CSP frame-ancestors is the modern, more flexible mechanism and is supported in all current browsers. It supersedes X-Frame-Options when both are declared:

Content-Security-Policy: frame-ancestors 'none'; — no embedding allowed (equivalent to DENY)
Content-Security-Policy: frame-ancestors 'self'; — same origin only (equivalent to SAMEORIGIN)
Content-Security-Policy: frame-ancestors https://partner.example.com; — specific domain allowlist

The frame-ancestors directive takes precedence over X-Frame-Options in browsers that support CSP Level 2+. For maximum browser compatibility, declaring both headers is the safest approach.

Common failure scenarios:

1. Neither Header Declared

The page loads without restriction inside any iframe. No browser warning or block is applied. Any domain can embed the page and attempt a clickjacking attack.

2. X-Frame-Options: ALLOW-FROM (Deprecated)

ALLOW-FROM was never supported in Chrome and was removed from Firefox and Safari. Pages relying on it have no effective protection in modern browsers, even though the header appears to be set.

3. X-Frame-Options With Typo or Unknown Value

A misspelled value such as denied instead of DENY, or same-origin (hyphenated) instead of SAMEORIGIN, is silently ignored. The page is unprotected even though the header is present.

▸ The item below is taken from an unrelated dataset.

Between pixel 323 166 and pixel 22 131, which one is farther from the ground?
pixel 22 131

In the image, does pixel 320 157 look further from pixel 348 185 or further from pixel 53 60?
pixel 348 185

4. CSP Header Without frame-ancestors

A Content-Security-Policy header may be declared for other directives (e.g., default-src, script-src) without including frame-ancestors. The absence of frame-ancestors in the CSP provides no framing protection — this check specifically looks for the frame-ancestors token.


How to Fix

Set the X-Frame-Options header in your server or CDN configuration:

X-Frame-Options: DENY

For modern browsers, the preferred approach is to include frame-ancestors in the Content-Security-Policy header, which can be combined with other CSP directives:

Content-Security-Policy: default-src 'self'; frame-ancestors 'none';

For pages that require legitimate embedding on a partner domain:

Content-Security-Policy: frame-ancestors 'self' https://trusted-partner.example.com;

Apply the strictest policy compatible with legitimate embed requirements. Pages that should never be embedded — login, password reset, payment flows, account settings — should use DENY or frame-ancestors 'none'.